Palabras clave: Viaje, montesquieu, realidad social.
Il viaggio: metodo d’indagine originale
The journey: original investigation method
El viaje: método de investigación original
Received: 29 July 2019
Accepted: 19 August 2019
Quand’anche Montesquieu avesse avuto in origine un intento letterario autonomo nel prender le sue note di viaggio, questo gli si è dissolto successivamente perché quelle note hanno trovato la loro funzione nella più vasta impresa della costruzione del sistema dell’Esprit des Lois, cui non solo hanno offerto un ricco materiale di dati, ma di cui hanno […] contribuito per la loro parte ad elaborare il metodo di trattazione scientifica dei problemi sociali (COTTA, 1953, p. 232).

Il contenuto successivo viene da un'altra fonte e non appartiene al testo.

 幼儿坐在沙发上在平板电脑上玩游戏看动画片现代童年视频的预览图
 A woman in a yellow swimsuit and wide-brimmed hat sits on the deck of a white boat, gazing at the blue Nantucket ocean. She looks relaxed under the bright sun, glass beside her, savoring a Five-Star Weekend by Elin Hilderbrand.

1 Introduzione. 2 I viaggi di Montesquieu. 3 Il bagaglio di Montesquieu. 4 La teoria delle forme di governo. 5 Il ritorno del viaggiatore. 6 Conclusioni. Bibliografia.
In una visione dantesca il viaggio è esilio, sofferenza per l’abbandono dei luoghi propri, degli antenati, degli affetti. Il viaggio non è sempre stato una sofferenza come gli esiliati hanno vissuto e raccontato nei propri scritti. Il viaggio è spesso una scelta consapevole, intrapreso per soddisfare la fame di ricchezze, la sete di avventura e per rispondere all’esigenza di un metodo indispensabile di ricerca.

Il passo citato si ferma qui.